With respect to each Mortgage Loan, the Mortgage File shall include each of the following items, which shall be available for inspection by the Purchaser, and which shall be retained by the Seller in the Servicing File or delivered to the Purchaser or its designee pursuant to Sections 2.04 and 2.05 of the Seller’s Purchase, Warranties and Servicing Agreement.

1.            The original Mortgage Note endorsed “Pay to the order of ______________ without recourse,” and signed in the name of the Seller by an authorized officer, with all intervening endorsements showing a complete chain of title from the originator to the Seller. If the Mortgage Loan was acquired by the Seller in a merger, the endorsement must be by “[Seller], successor by merger to the [name of predecessor]”. If the Mortgage Loan was acquired or originated by the Seller while doing business under another name, the endorsement must be by “[Seller] formerly known as [previous name]”. If the original note is unavailable, seller will provide an affidavit of lost note (in form acceptable to the Purchaser) stating that the original Mortgage Note was lost or destroyed, together with a copy of such Mortgage Note and indemnifying the Purchaser against any and all claims arising as a result of any person or entity claiming they are the holder of the note or that the note has been paid off and returned.

2.           A true certified copy, certified by the [title insurer], of the applicable First Lien.

3.           Except as provided below and for each Mortgage Loan that is not a MERS Mortgage Loan, the original Mortgage with evidence of recording thereon, or a copy thereof certified by the public recording office in which such mortgage has been recorded or, if the original Mortgage has not been returned from the applicable public recording office, a true certified copy, certified by the [title insurer], of the original Mortgage together with a certificate of the Seller certifying that the original Mortgage has been delivered for recording in the appropriate public recording office of the jurisdiction in which the Mortgaged Property is located and in the case of each MERS Mortgage Loan, the original Mortgage, noting the presence of the MIN of the Mortgage Loans and either language indicating that the Mortgage Loan is a MOM Loan or if the Mortgage Loan was not a MOM Loan at origination, the original Mortgage and the assignment thereof to MERS, with evidence of recording indicated thereon, or a copy of the Mortgage certified by the public recording office in which such Mortgage has been recorded.
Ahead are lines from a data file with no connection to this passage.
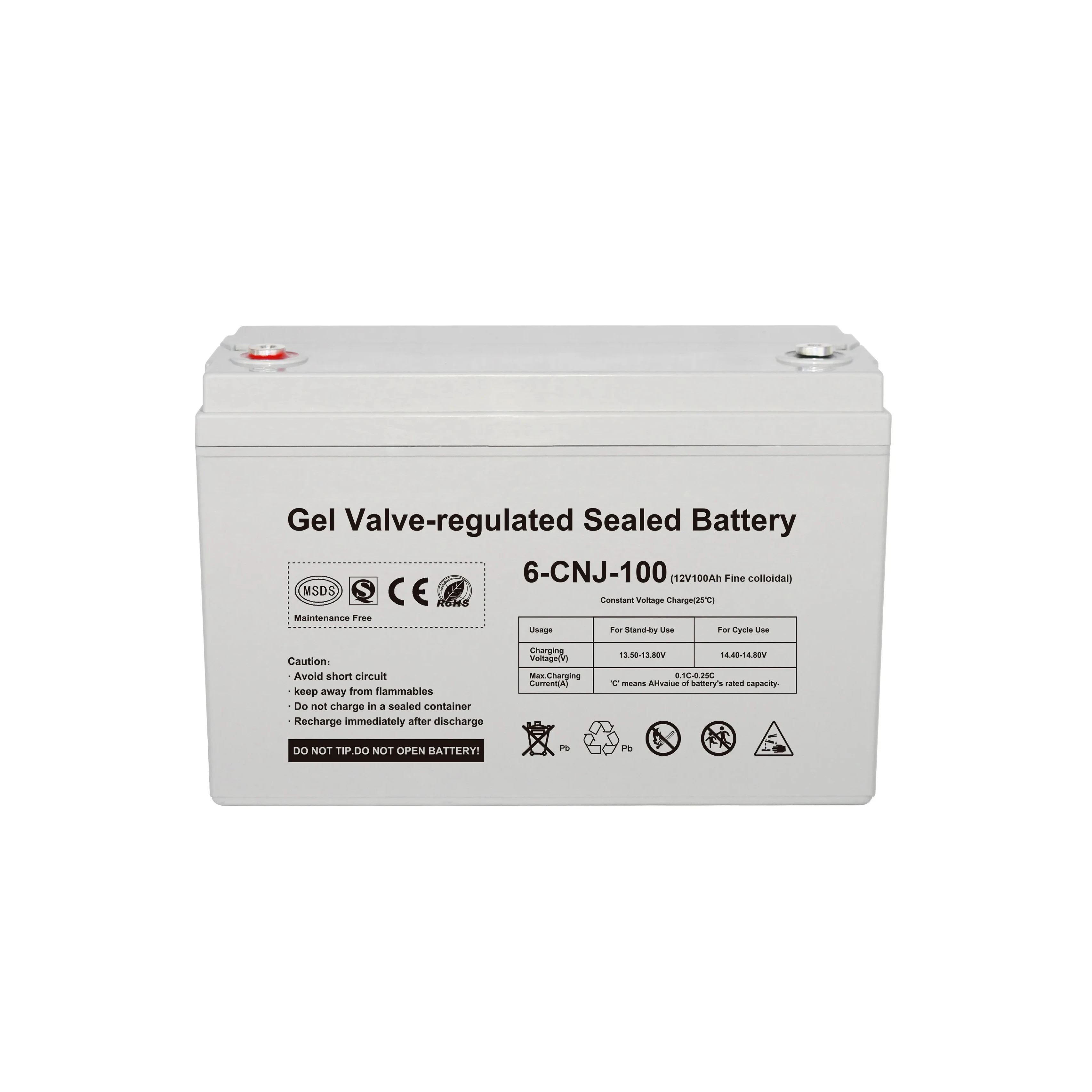 Custom Abs Gel Valve-Regulated Sealed Battery 12v Rechargeable Deep Cycle Lead-Acid Battery For  Home Appliances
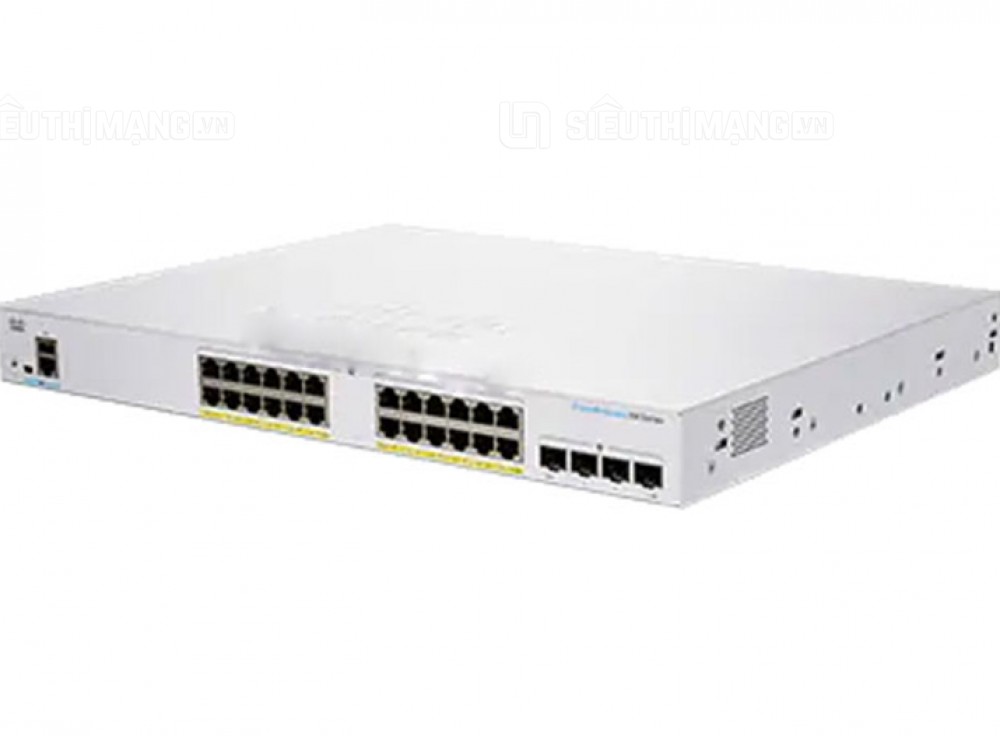 Thiết Bị Mạng Switch Cisco Business CBS350-24P-4X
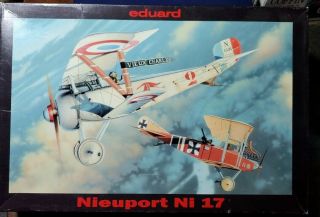 1/48 Kit Eduard No.  8023 French Nieuport Ni 17 " Vieux Charles "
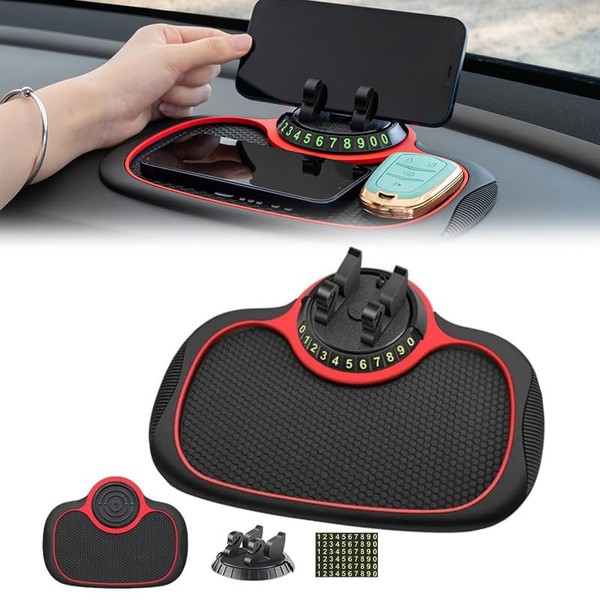 Sdetrcq Multifunction Car Anti-Slip Mat Auto Phone Holder, Auto Non-slip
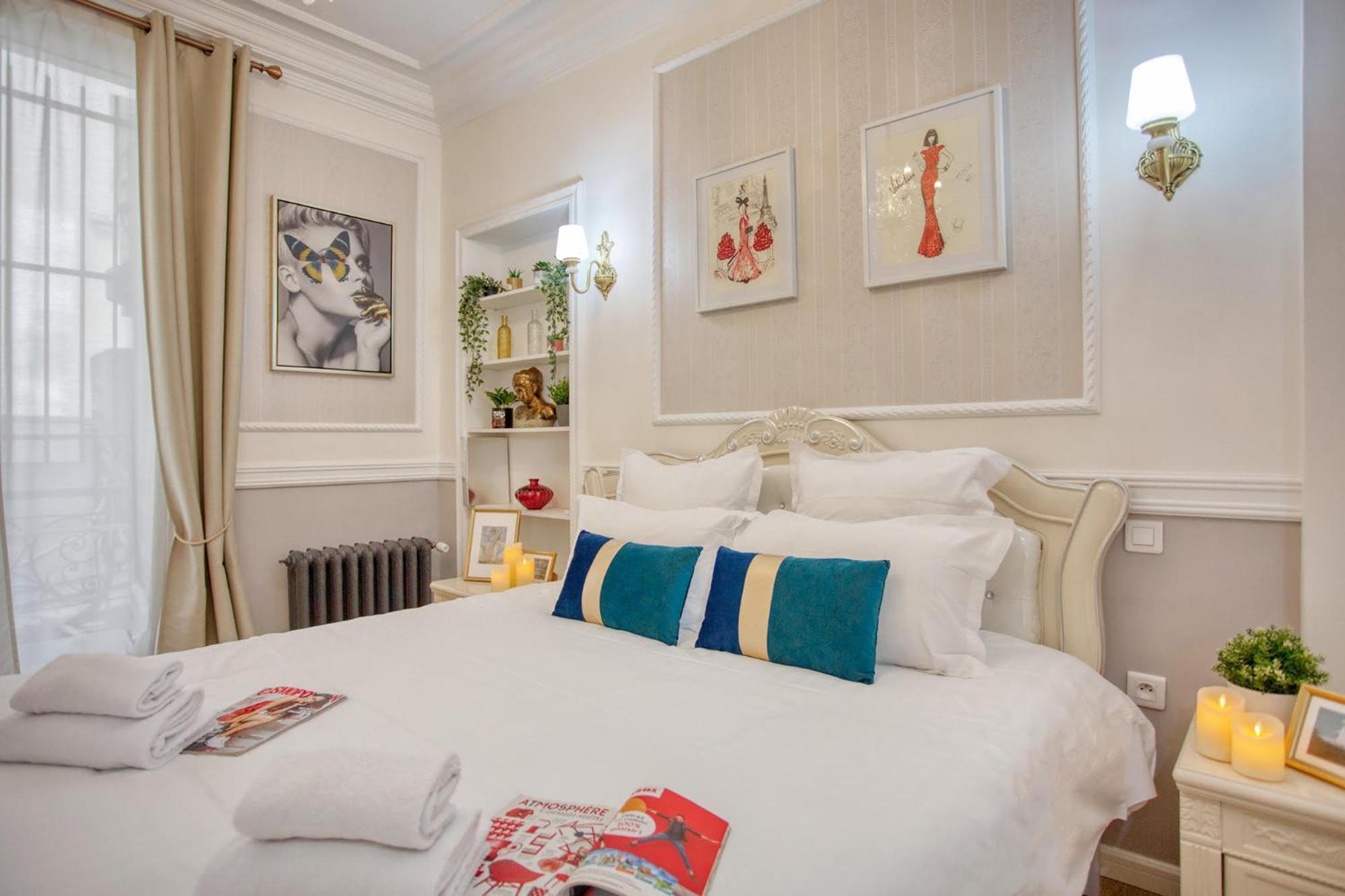 Charmant 150M2 5Ch Romantic - Centre Ville - Clim باريس المظهر الخارجي الصورة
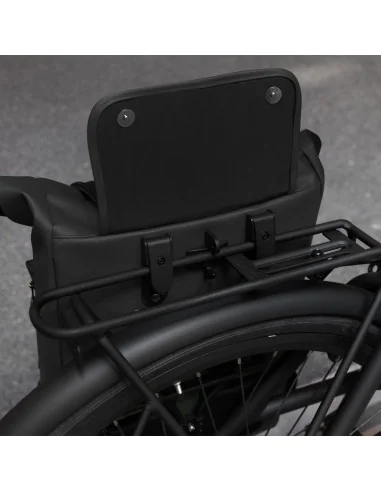 Gerecyclede enkele fietstas Urban Proof Rolltop 20 liter 30 x 15 x 42cm - zwart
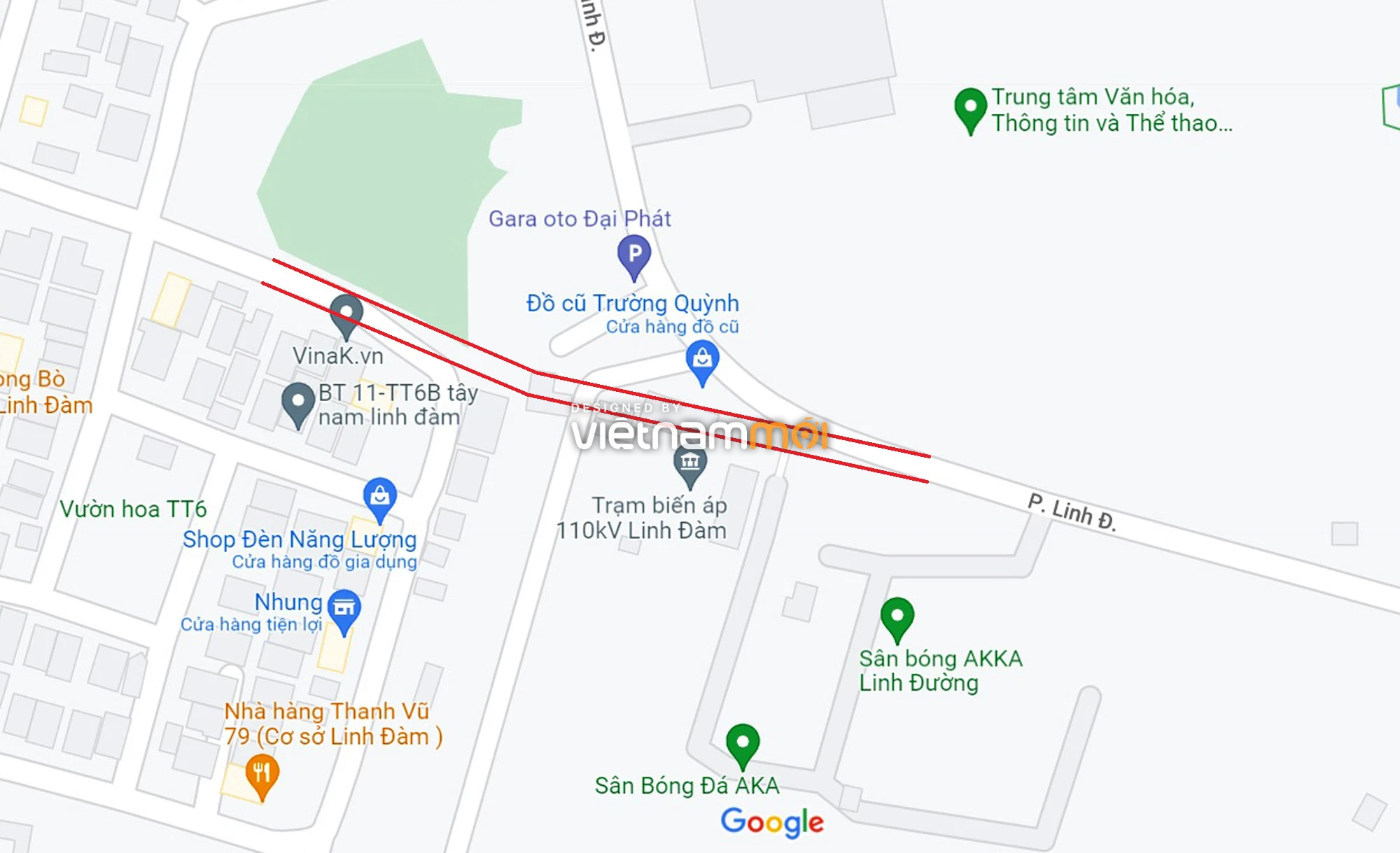 Đường sẽ mở theo quy hoạch ở phường Hoàng Liệt, Hoàng Mai, Hà Nội (phần 2) - Ảnh 8. Đường sẽ mở theo quy hoạch ở phường Hoàng Liệt, Hoàng Mai, Hà Nội (phần 2) - Ảnh 8.
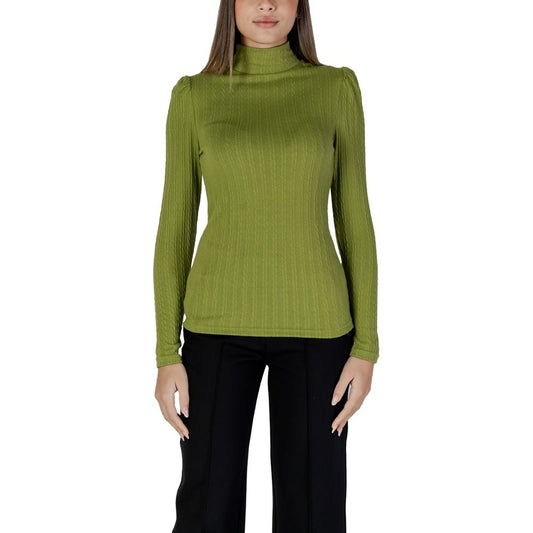B.Young Grünes Polyester-Langarmshirt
4.            The original or certified to be a true copy or if in electronic form identified on the Mortgage Loan Schedule, the certificate number, certified by the Seller, of the related Primary Mortgage Insurance Policy or LPMI Policy, if required.

5.           In the case of each Mortgage Loan that is not a MERS Mortgage Loan, the original Assignment, from the Seller in accordance with Purchaser’s instructions, which assignment shall, but for any blanks requested by the Purchaser, be in form and substance acceptable for recording, or a copy certified by the Seller as a true and correct copy of the original Assignment which has been sent for recordation. If the Mortgage Loan was acquired or

 



originated by the Seller while doing business under another name, the Assignment must be by “[Seller] formerly known as [previous name]”

6.           With respect to Mortgage Loans that are not Co-op Loans, the original policy of title insurance, including riders and endorsements thereto, or if the policy has not yet been issued, a written commitment or interim binder or preliminary report of title issued by the title insurance or escrow company.

7.           Originals of all recorded intervening Assignments, or copies thereof, certified by the public recording office in which such Assignments have been recorded showing a complete chain of title from the originator to the Seller, with evidence of recording thereon, or a copy thereof certified by the public recording office in which such Assignment has been recorded or, if the original Assignment has not been returned from the applicable public recording office, a true certified copy, certified by the [title insurer] of the original Assignment together with a certificate of the [title insurer] certifying that the original Assignment has been delivered for recording in the appropriate public recording office of the jurisdiction in which the Mortgaged Property is located.

8.           Originals, or copies thereof certified by the public recording office in which such documents have been recorded, of each assumption, extension, modification, written assurance or substitution agreements, if applicable, or if the original of such document has not been returned from the applicable public recording office, a true certified copy, certified by the [title insurer], of such original document together with certificate of Seller certifying the original of such document has been delivered for recording in the appropriate recording office of the jurisdiction in which the Mortgaged Property is located.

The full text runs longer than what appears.